Your latest info on all things in the cold chain world

The place for all things cold chain.

Hello, and welcome to the coolest community in freight! Here you’ll find the latest information on warehouse news, tech developments and all things reefer madness-related. I’m your new controller of the thermostat, Mary O’Connell. Thanks for having me!

All thawed out

Jim Allen/FreightWaves

Jacksonville, Florida, home of cold storage.

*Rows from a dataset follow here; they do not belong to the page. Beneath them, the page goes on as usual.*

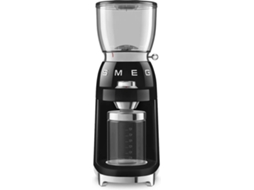 Moinho de Café SMEG CGF01BLEU (Capacidade: 130 g - 150 W - Preto) — Moinho de café com moinho cónico. 30 níveis de moagem. 8 Funções. e 1 Função Manual. Sistema anti estático. Funil com capacidade para 350 gr. Com sistema Twist&Lock. Jarro para 150 gr. Café moído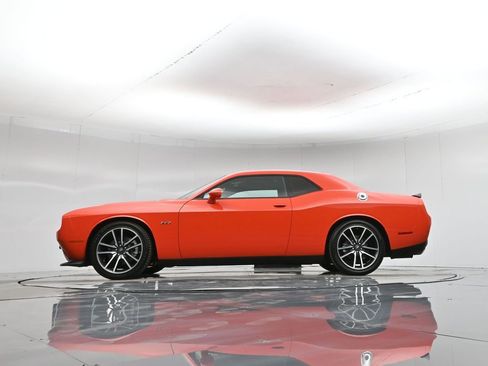 Used 2023 Dodge Challenger R/T image 7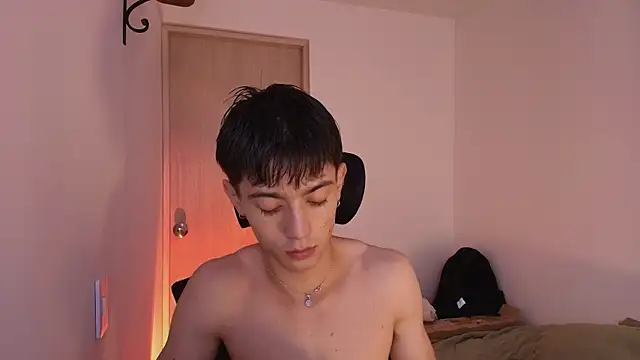 Snapshot of slowburnmystic chatting on 07.26.26 slowburnmystic online show from 07.26.26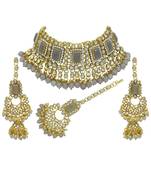 Grey kundan Yellow Gold Alloy   Necklace   Pair Earrings   Maang Tikka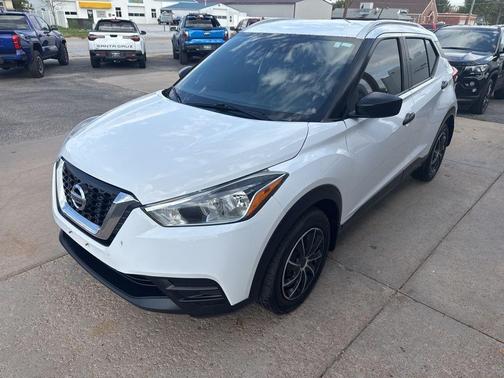 2019 Nissan Kicks S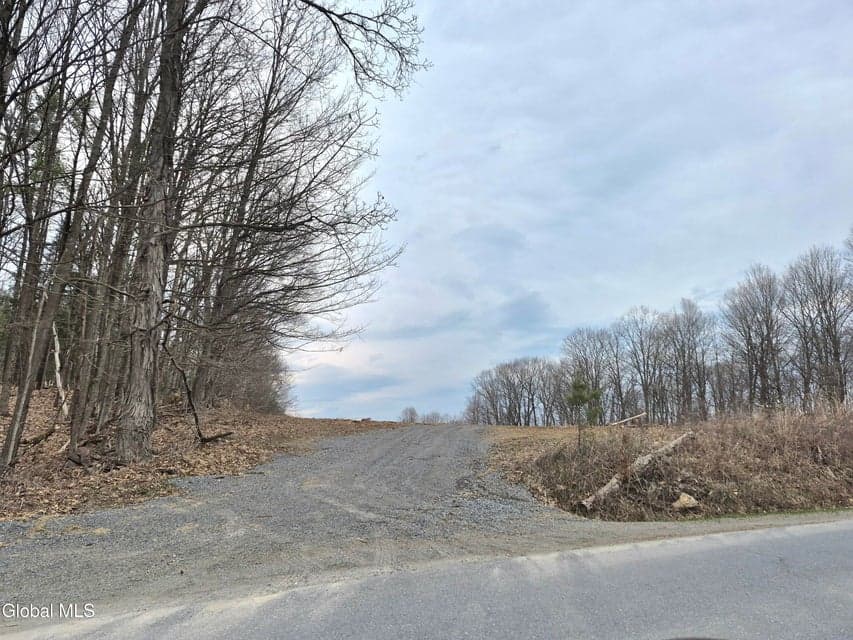L-2.3 Goodman Road, photo 3
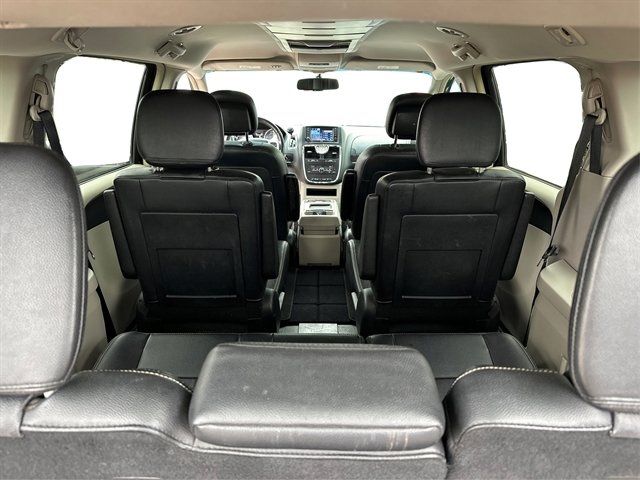Used 2014 Chrysler Town & Country Touring FWD image 45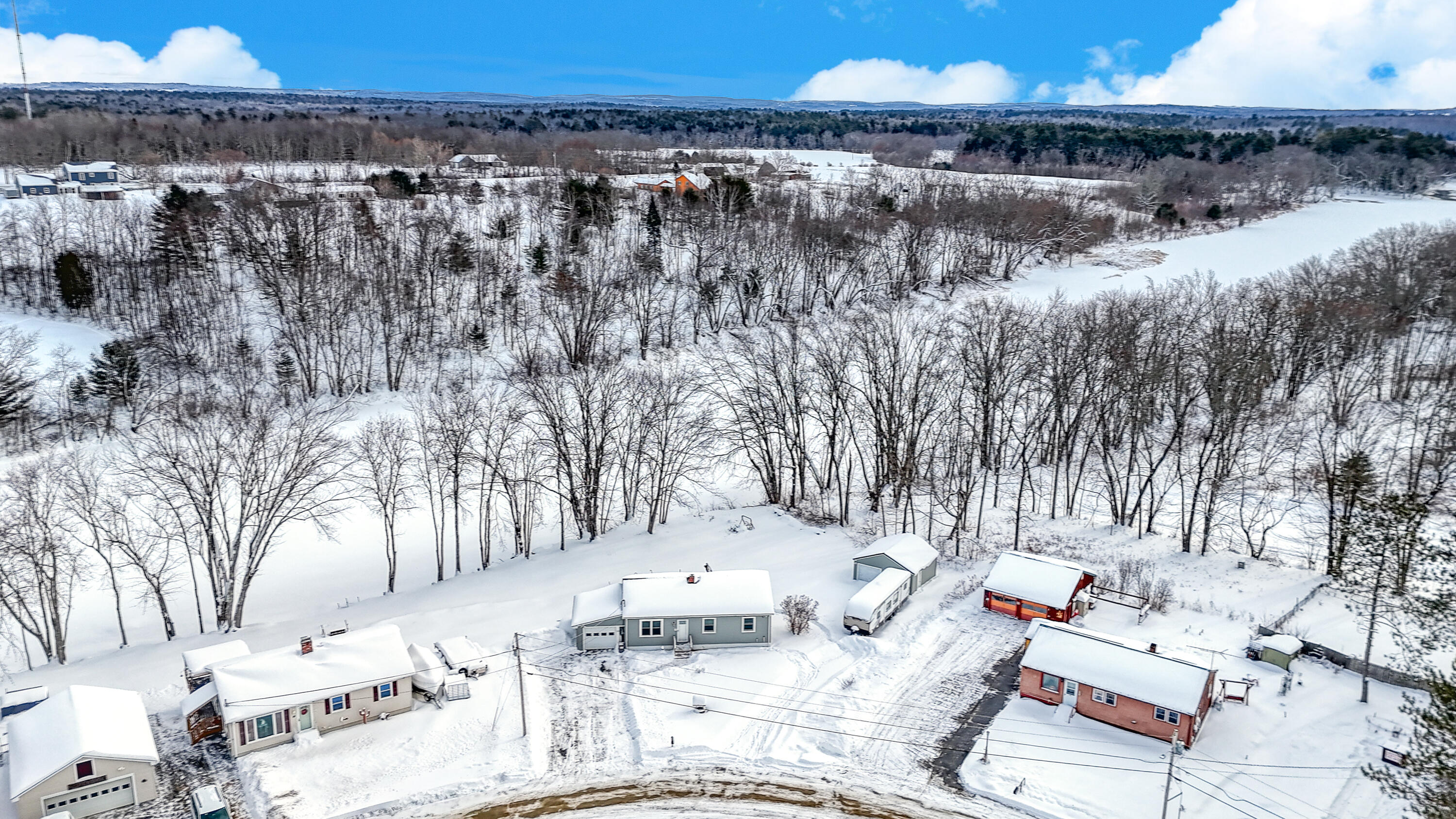 28 Sebasticook Drive Clinton, ME 04927 - Photo 2 of 24 110356ae-103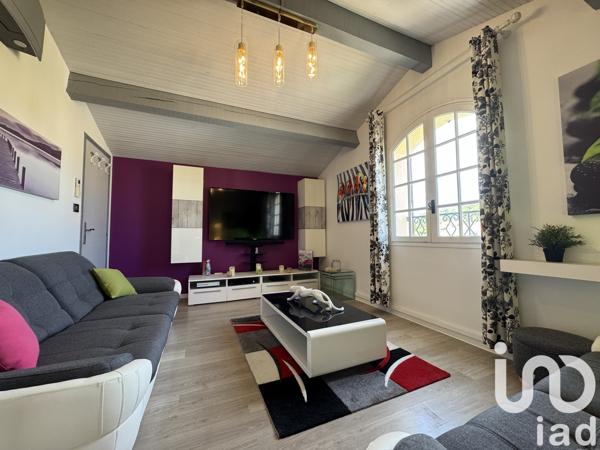 Maison à vendre 6 pièces 163 m² Sanary-sur-Mer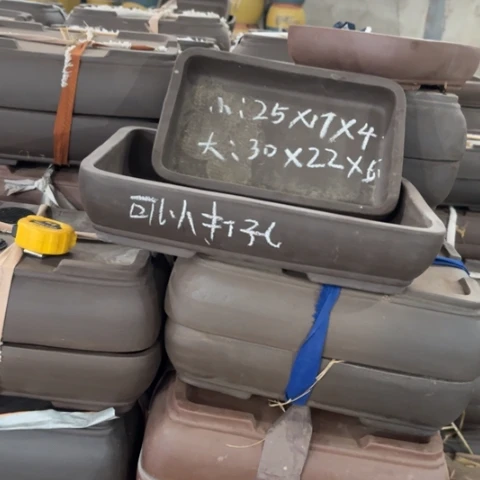 100-8。    微瑕。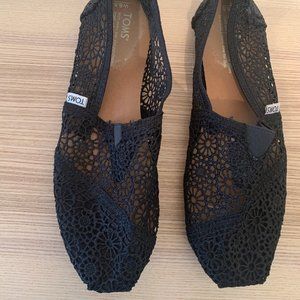 Black Crochet Toms Slip Ons (8.5 W, LIKE NEW)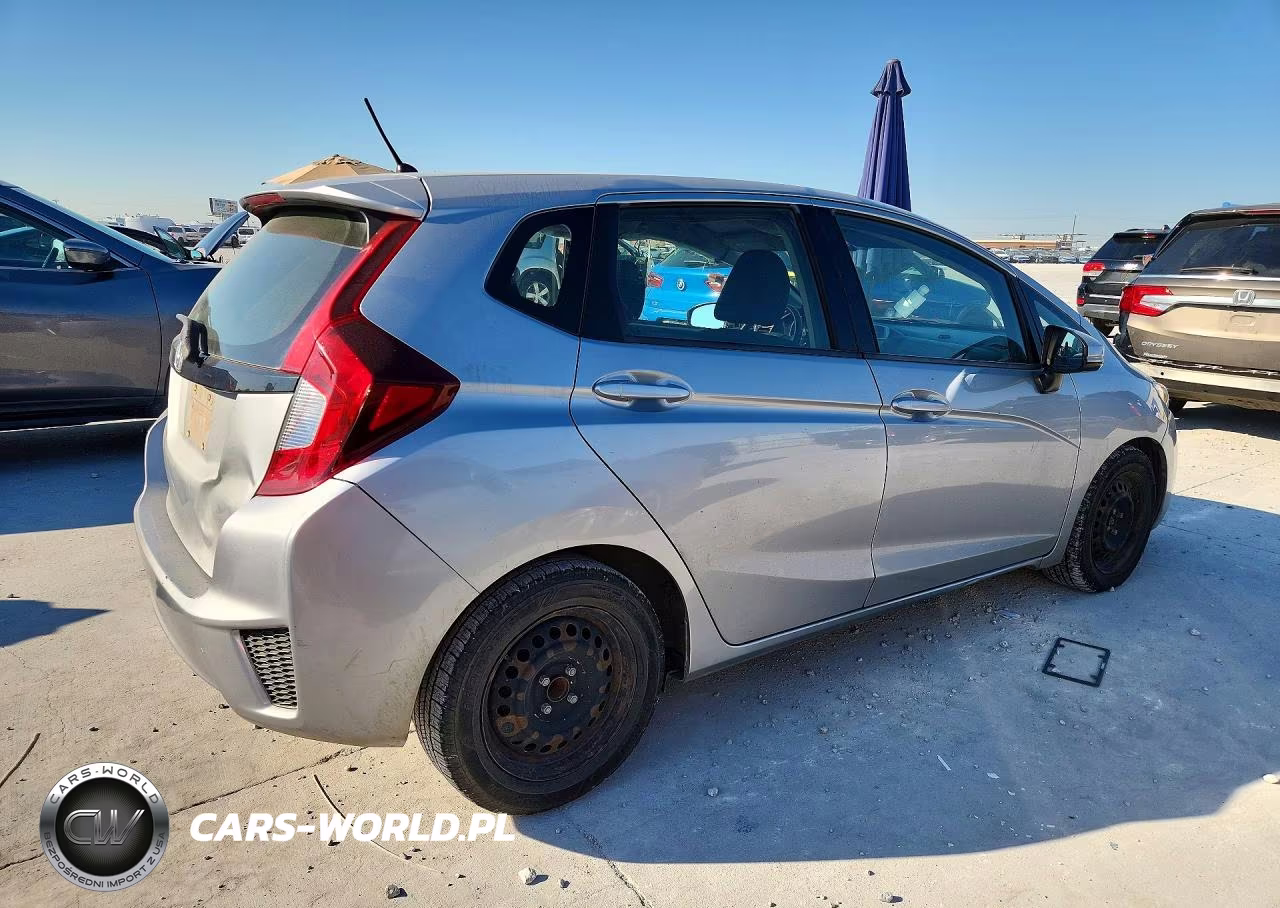 2017 Honda Fit Lx VIN:JHMGK5H52HS023929 - 3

While at first glance that is not an intuitive description of the city, maybe it’s not weird by Florida standards. As it turns out, there is a booming industry of cold storage distribution centers in Jacksonville. Cold storage demand traditionally follows population growth and demographic changes. With the rise in people moving south, there is more demand, specifically in food and beverage, in states like Florida, Arizona and Texas, resulting in the need for more cold storage capacity. 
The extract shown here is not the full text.